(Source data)
--- START ---

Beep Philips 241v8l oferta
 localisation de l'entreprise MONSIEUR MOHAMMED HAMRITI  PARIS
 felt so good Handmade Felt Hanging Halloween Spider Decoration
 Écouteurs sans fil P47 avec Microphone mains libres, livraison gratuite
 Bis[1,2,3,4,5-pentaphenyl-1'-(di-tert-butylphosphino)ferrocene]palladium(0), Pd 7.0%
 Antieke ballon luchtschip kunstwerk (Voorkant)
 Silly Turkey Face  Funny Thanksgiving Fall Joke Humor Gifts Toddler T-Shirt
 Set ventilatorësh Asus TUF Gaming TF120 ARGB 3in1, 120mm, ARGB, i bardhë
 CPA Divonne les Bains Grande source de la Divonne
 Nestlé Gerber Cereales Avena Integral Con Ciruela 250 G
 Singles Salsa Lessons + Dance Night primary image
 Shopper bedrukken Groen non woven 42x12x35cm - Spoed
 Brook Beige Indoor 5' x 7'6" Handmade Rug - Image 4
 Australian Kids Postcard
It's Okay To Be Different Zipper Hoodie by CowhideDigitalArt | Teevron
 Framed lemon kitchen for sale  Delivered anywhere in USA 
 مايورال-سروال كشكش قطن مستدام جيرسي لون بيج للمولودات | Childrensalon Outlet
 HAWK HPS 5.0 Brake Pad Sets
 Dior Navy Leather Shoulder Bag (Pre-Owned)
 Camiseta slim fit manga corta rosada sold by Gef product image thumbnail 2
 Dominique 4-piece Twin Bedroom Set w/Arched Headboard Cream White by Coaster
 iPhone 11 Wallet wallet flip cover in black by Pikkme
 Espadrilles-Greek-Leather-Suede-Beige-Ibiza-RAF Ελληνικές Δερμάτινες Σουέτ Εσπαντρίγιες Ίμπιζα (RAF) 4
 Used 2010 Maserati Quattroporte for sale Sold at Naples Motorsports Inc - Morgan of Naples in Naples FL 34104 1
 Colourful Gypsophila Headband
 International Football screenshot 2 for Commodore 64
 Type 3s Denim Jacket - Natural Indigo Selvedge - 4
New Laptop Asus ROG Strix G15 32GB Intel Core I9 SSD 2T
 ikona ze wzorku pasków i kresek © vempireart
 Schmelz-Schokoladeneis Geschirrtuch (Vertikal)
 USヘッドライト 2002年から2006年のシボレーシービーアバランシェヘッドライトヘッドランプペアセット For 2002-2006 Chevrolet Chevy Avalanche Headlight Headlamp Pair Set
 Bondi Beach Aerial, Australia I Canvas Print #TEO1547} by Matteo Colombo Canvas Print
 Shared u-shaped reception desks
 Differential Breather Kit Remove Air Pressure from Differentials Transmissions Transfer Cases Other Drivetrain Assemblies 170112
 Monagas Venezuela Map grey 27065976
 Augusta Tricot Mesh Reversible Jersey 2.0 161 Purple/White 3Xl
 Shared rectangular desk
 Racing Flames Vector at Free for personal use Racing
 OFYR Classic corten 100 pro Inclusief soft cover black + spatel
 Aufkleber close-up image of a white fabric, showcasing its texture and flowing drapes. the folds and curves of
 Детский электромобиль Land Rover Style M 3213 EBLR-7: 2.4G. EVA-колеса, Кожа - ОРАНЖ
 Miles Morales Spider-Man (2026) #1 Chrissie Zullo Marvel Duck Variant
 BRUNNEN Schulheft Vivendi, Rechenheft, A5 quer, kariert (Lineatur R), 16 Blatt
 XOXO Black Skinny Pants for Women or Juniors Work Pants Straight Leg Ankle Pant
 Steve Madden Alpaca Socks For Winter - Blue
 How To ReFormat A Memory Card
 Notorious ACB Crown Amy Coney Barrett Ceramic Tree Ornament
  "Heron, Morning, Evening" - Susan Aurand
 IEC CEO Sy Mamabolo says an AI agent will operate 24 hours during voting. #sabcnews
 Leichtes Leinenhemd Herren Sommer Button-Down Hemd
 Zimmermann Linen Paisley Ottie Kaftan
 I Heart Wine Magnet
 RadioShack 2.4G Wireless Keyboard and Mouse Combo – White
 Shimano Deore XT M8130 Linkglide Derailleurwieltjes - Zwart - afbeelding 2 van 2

--- END ---

== YOUR GOAL ==
What number of lines in the records contain the word "Leather"? Answer with that number alone.

== REPLY TO THE EXERCISE ==
2